What this task involves: Below are records; reproduce exactly the lines from the first through the one containing "Better Questing - The Madhouse Theme logo".

Data provided:
=== Begin Enclosure ===
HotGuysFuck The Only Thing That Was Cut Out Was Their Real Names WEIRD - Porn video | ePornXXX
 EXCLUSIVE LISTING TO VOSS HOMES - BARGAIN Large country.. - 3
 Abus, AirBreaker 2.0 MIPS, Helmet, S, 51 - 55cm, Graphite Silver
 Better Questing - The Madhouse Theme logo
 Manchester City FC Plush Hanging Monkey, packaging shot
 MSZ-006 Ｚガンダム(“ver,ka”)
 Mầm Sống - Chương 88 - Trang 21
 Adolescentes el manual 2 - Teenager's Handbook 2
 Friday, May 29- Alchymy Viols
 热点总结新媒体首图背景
=== End Enclosure ===
Answer:
HotGuysFuck The Only Thing That Was Cut Out Was Their Real Names WEIRD - Porn video | ePornXXX
 EXCLUSIVE LISTING TO VOSS HOMES - BARGAIN Large country.. - 3
 Abus, AirBreaker 2.0 MIPS, Helmet, S, 51 - 55cm, Graphite Silver
 Better Questing - The Madhouse Theme logo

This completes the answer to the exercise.